The gagging bill is reducing the total amount a campaigning group can spend in a general election period from £988,000 to £390,000. Say it employs ten staff on a £20,000 salary — by including the staffing costs, the amount actually available to spend on leaflets and demonstrations and advertising is slashed still further.

Yesterday the government whipped its MPs against the Lords amendments. Groups like 38 Degrees had been mobilising their members to urge wavering MPs to rebel. In their offices earlier this week, staff expressed delight as the number of emails sent to backbenchers who’d previously expressed disquiet shot upwards.

Back in parliament, the mood at this campaigning onslaught was grim. One MP I spoke to was so worked up he got his staff to forward me the emails as they came in, to demonstrate just how disruptive they were. The flood which followed was, indeed, deeply irritating – about 50 poured in over the course of just a couple of hours.

Elsewhere, a Tory veteran even phoned up the police to complain about a group of activists wanting to petition him at his home. The bitter irony of this didn’t pass unnoticed.

Ultimately, all the efforts to sway the Commons didn’t make much of a difference. When it came to a vote the coalition’s majority was reduced to 32. But it still won, and the Lords’ improvements were consigned to history.

What caused this diminishing of our democracy? It’s mostly the result of those in power simply not caring much for the views of others. The latest reports from Downing Street indicate that senior No 10 strategists are desperate to find ways of reducing the pledges which candidates make during general elections. It’s much easier to avoid breaking promises, after all, if you haven’t made them in the first place.

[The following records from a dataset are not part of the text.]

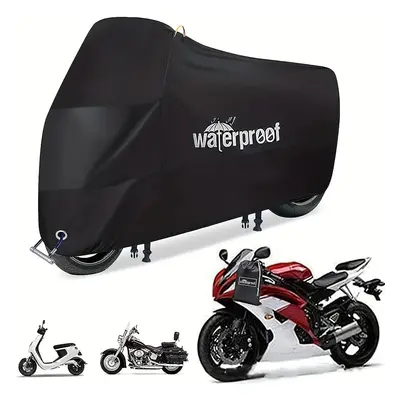 TEMU Motorcycle Covers, Heavy Duty 210d Waterproof Uv Protective Tear Proof Motorbike Cover With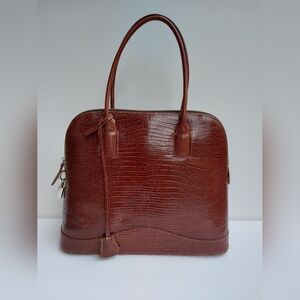 Vintage genuine leather handbag satchel by Town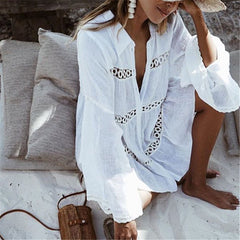 Women Swimsuit Cover Ups Mandarin Sleeve Kaftan Beach Tunic Dress Robe De Plage Solid White Pareo Beach Cover-ups Pbong mid size graduation outfit romantic style teen swag clean girl ideas 90s latina aesthetic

And yet that is exactly what democracy, and free speech in Britain, are about: the ability to highlight when politicians are not sticking to their commitments, and the opportunity to encourage them to stick by a cause. Charities are a vital part of this, but the gagging bill is undermining their ability to make the case.

The result is not so much a law which makes it almost impossible for small-scale charities and voluntary groups to campaign during general elections, but one which merely makes the lives of their employees more difficult and awkward.

At the end of it all, democracy in Britain has got just a little bit worse. Our future elections will be slightly poorer affairs than before. The country we were in 2013 is not the country we shall be when, in a short while, the Queen finally hands royal approval to her government’s gagging bill.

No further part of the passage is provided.